On commence à peine à réaliser que les naissances reculent mais en réalité, la baisse s’est enclenchée en 2011. Depuis cette année-là, elles ont chuté de plus de 20 %. L’exception démographique française est morte et enterrée, nous sommes rattrapés par un phénomène de dénatalité dont souffrent quasiment tous les pays riches. Beaucoup de facteurs sont à l’œuvre, mais je pointerais la disparition de la croissance, la crise du logement et des modes de garde ainsi qu’un travail qui ne paie plus. Autant de facteurs qui empêchent les jeunes ménages de réaliser leurs projets familiaux.

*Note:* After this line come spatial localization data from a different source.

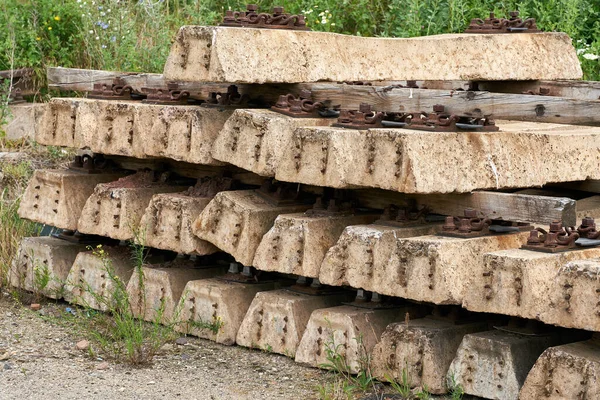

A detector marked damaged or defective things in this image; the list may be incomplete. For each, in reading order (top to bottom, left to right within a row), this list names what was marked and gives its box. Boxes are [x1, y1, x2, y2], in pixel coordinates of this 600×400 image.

rusty rail clip [223, 4, 312, 30]
rusty rail clip [462, 11, 540, 33]
rusty rail clip [88, 77, 133, 101]
rusty rail clip [141, 83, 190, 105]
rusty rail clip [270, 89, 338, 117]
rusty rail clip [332, 103, 384, 130]
rusty rail clip [406, 104, 500, 133]
rusty rail clip [68, 153, 110, 173]
rusty rail clip [436, 209, 492, 238]
rusty rail clip [524, 220, 580, 252]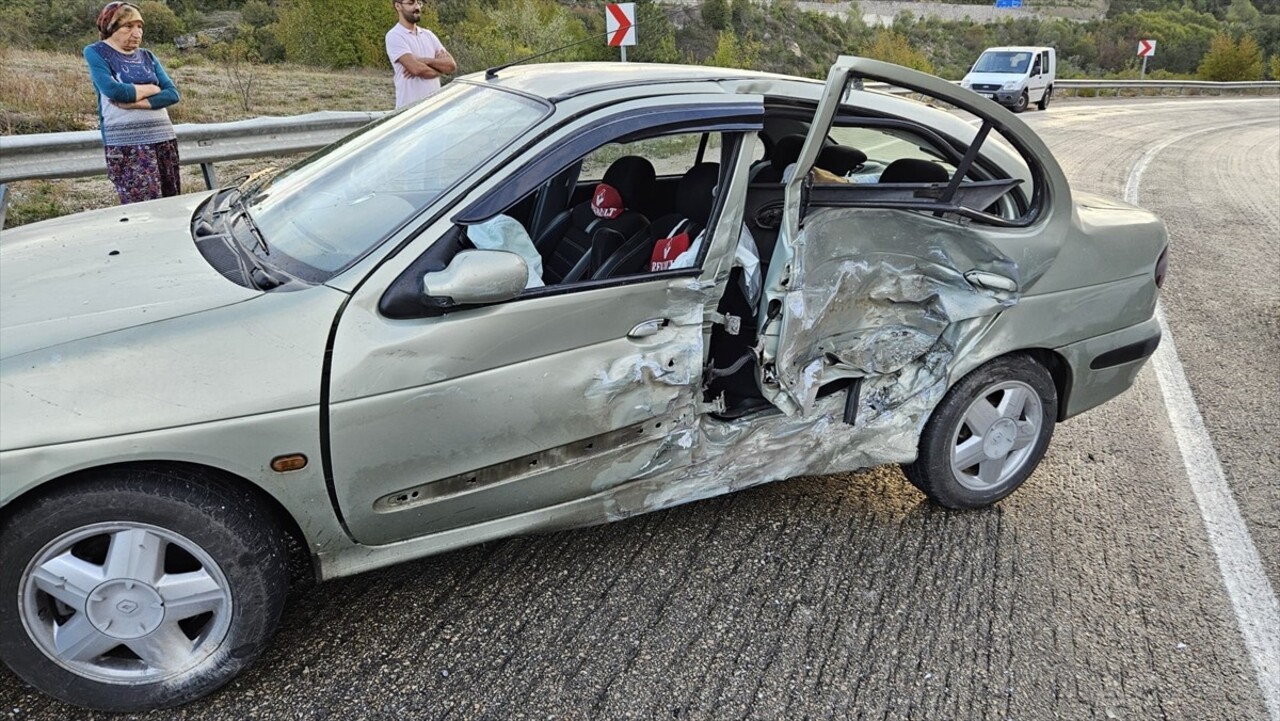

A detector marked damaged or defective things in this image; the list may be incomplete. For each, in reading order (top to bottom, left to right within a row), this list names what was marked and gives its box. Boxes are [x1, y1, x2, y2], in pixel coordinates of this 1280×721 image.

torn metal panel [757, 206, 1018, 414]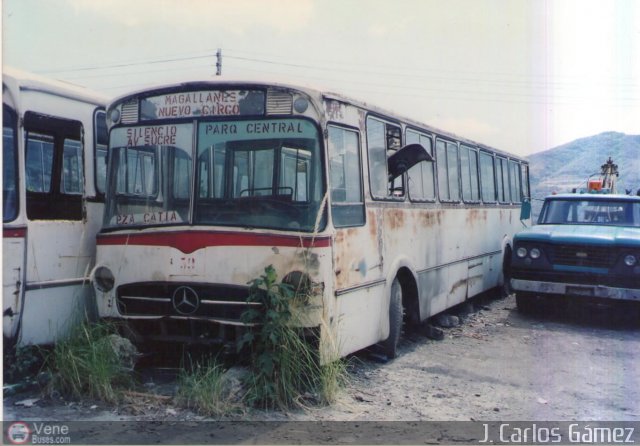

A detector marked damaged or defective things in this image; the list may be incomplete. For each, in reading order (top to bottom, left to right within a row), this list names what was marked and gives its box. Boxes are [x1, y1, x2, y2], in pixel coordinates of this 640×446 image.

abandoned bus [3, 69, 109, 348]
abandoned bus [91, 82, 528, 360]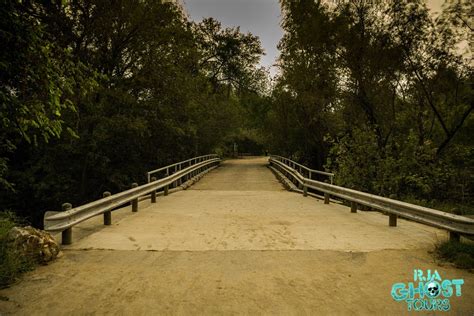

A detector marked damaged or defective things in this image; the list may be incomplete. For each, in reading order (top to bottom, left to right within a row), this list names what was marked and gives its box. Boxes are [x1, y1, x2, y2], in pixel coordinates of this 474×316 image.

rusty metal rail [43, 156, 219, 244]
rusty metal rail [270, 154, 474, 241]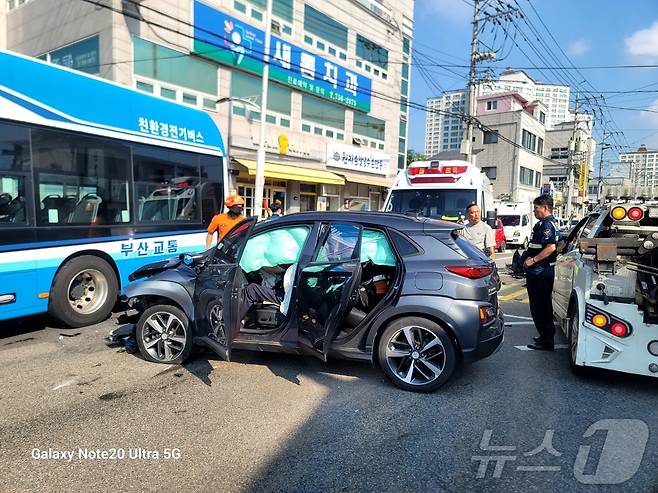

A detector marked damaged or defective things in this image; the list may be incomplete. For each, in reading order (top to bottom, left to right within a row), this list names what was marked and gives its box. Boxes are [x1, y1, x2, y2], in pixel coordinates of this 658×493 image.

La crise immobilière est effectivement peu évoquée. Pourtant, l’achat d’un logement précédait souvent un projet d’enfant pour les anciennes générations…

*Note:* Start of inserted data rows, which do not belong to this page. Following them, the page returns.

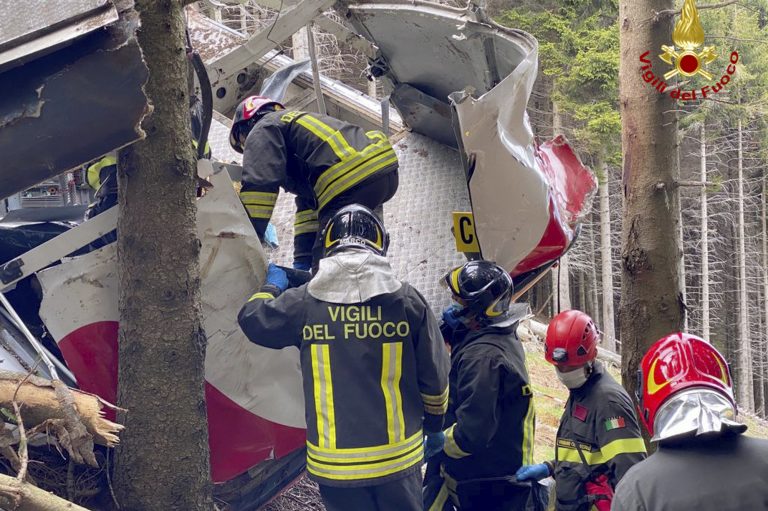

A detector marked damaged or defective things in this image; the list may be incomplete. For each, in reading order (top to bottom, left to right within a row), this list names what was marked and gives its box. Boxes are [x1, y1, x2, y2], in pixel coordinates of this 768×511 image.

torn metal sheet [0, 15, 147, 201]
torn metal sheet [344, 1, 536, 147]
torn metal sheet [452, 48, 596, 276]
torn metal sheet [36, 168, 306, 484]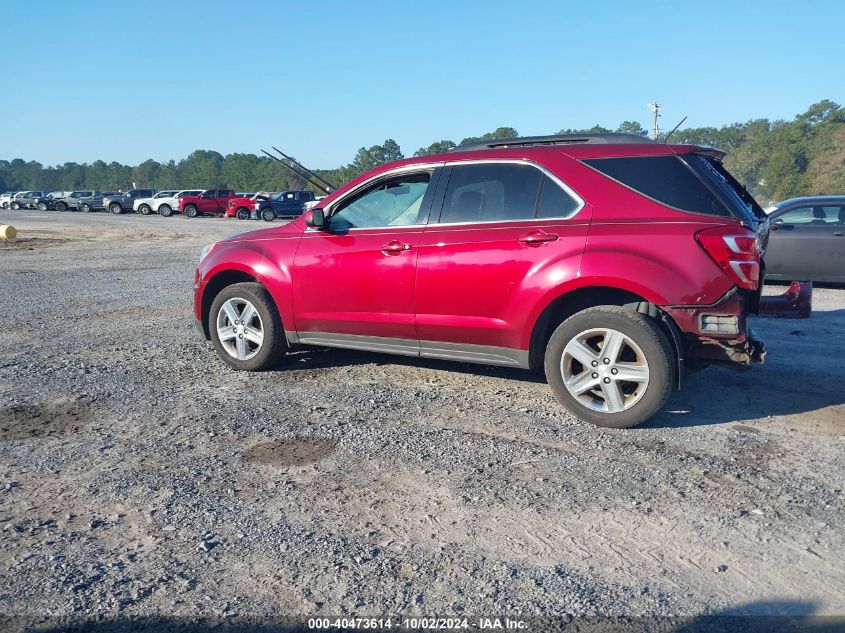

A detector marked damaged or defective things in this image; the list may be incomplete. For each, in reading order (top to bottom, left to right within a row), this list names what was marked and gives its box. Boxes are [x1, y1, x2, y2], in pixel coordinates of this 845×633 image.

damaged rear bumper [664, 288, 768, 370]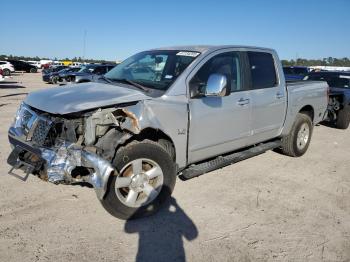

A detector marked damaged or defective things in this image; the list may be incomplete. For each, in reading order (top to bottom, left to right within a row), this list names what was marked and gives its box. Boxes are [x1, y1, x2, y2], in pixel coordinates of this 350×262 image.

crumpled hood [23, 82, 150, 114]
front bumper damage [7, 136, 115, 200]
damaged bumper cover [7, 132, 116, 200]
damaged front end [7, 102, 141, 199]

La hausse spectaculaire des prix immobiliers a fait fondre de moitié le pouvoir d’achat des jeunes générations. Dans les grandes villes, elles ont perdu une vingtaine de mètres carrés par rapport aux générations qui achetaient avant les années 2000. C’est une à deux chambres en moins pour loger des enfants !
La crise immobilière est une cassure générationnelle, en témoigne le chiffre croissant de quasi-trentenaires qui sont forcés de vivre encore en coloc ou chez leurs parents à des âges où ces derniers emménageaient dans des maisons avec jardin et enfants.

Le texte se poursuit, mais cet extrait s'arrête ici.